The difference between then and now? A packet of incentives — including an up-to-42% cash back — recently pushed through the state Legislature by a posse that included “Tuesdays With Morrie” scribe Mitch Albom, “Reign Over Me” director Mike Binder, and actor-writer (and Michigan theater exec director) Jeff Daniels.
The change came at the right time. Since the days of “Anatomy of a Murder” in the 1950s, film production has been the exception rather than the rule in the Wolverine state. For feature film revenue, 2006 was the lowest in 15 years, Michael Moore and “8 Mile” notwithstanding.
State Republican Rep. Bill Huizenga got the message. Since taking office in 2003, he has led a bipartisan effort to push for Hollywood money to be spent in his home state. But it took some time.
“We had to boil this bug slowly,” says Huizenga, who got his first incentive bill through the Michigan House of Representatives and Senate during his second term. The package — offering a 12%-20% rebate depending on budget — became available in 2006.
Projects, including the sci-fi actioner “Jumper,” trickled in, but the powers-that-be knew these incentives weren’t enough. “Other states hopscotched right over us,” says Michigan Film Office director Janet Lockwood.
“If it had been done three to four years earlier,” adds Huizenga, “it might have made an impact.”
So with the help of Albom, Binder and Daniels, Huizenga and the film commission went back to the table, pushing for new legislation that would truly set Michigan apart. This time, action was swift.
“Gov. Jennifer Granholm said to give her the best incentives in America,” Lockwood says. “And a group of legislators and her legal staff gave her the best. It went through the Legislature very quickly mainly because there had been education from the prior incentives.”
The centerpiece of the new legislation: A tax credit of 40% of direct production expenditures — upped to 42% if used in what the state defines as a “core community” (including Detroit, Ann Arbor, Flint and just about any Michigan city that anyone outside the Great Lakes region has ever heard of). And those are for both above- and below-the-line costs, dropping only to 30% for a nonresident crew.
So if a film spends $4 million in the state, it can get a check back for as much as $1.6 million. And there aren’t too many strings. A $2 million salary cap per employee per production isn’t likely to scare anyone away. (There are no other caps and no sunset.)
The laws became effective in April, and, almost instantly, film crews were shooting pics including Clint Eastwood’s “Gran Torino,” the Drew Barrymore-helmed “Whip It!,” Lifetime’s “Prayers for Bobby,” the Weinsteins’ “Youth in Revolt,” and Disney’s Andie McDowell/Aidan Quinn “Prince of Motor City” pilot
And those are just the ones not scared off by the possible SAG strike.
Not just a lure for big-budgeters, the program also lowered the minimum investment from $250,000 to $50,000, which made it easier to attract smaller productions.
Ginny Hart, VP of sales for Grace and Wild, home of the state’s largest soundstage and its only 16- and 35mm film lab, says when the program was announced, the calls started almost immediately.
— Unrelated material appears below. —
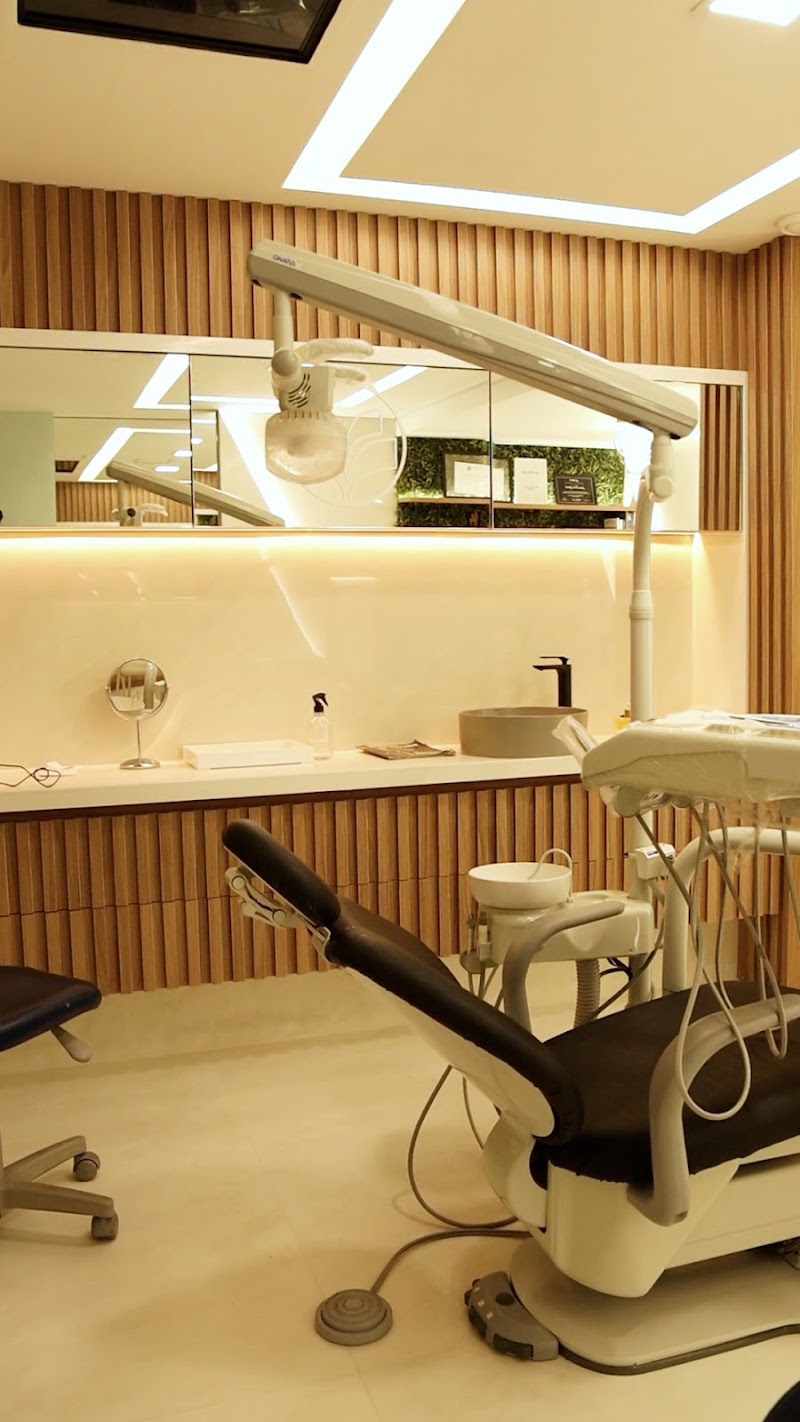 Clínica D’Leon by Lucas Firmino | Lentes de pocelana e Implantes - foto 5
But a lot of that production business went away — including a Steven Spielberg project that had reserved her facilities.
“A lot of studio space went on hold, but the projects didn’t materialize until we went after the under-$10 million films. That’s when we picked up.”
“Miss January” with Kim Cattrall is slated to start lensing early next month, and “Demoted” with David Cross follows closely for a five-week stay.
“We’re hoping that once this SAG contract is settled, we’ll see more positive impact,” she adds.
Of course, there’s also the likelihood that other states will increase their incentives. To defend against the possibility of being left behind once again, the players know that Michigan will need some upgrades. Tim Magee, business rep for IATSE Local 38 and president and business rep for studio mechanics Local 812, wants to see the construction of more studio and editing space, and a modification of the incentives to include commercial/industrial production.
“Those should get the break,” he says. “At some point, I know another state is going to raise the ante, and that there is a good chance feature films could move down the road if we don’t get the infrastructure built in a timely fashion.”
For now, though, everyone’s happy. “I was hopeful that we would get total Michigan spending of $100 million,” says Lockwood. “I was certainly on the wrong train. It’s gone way over that. Double. Maybe triple. And it’s only August.”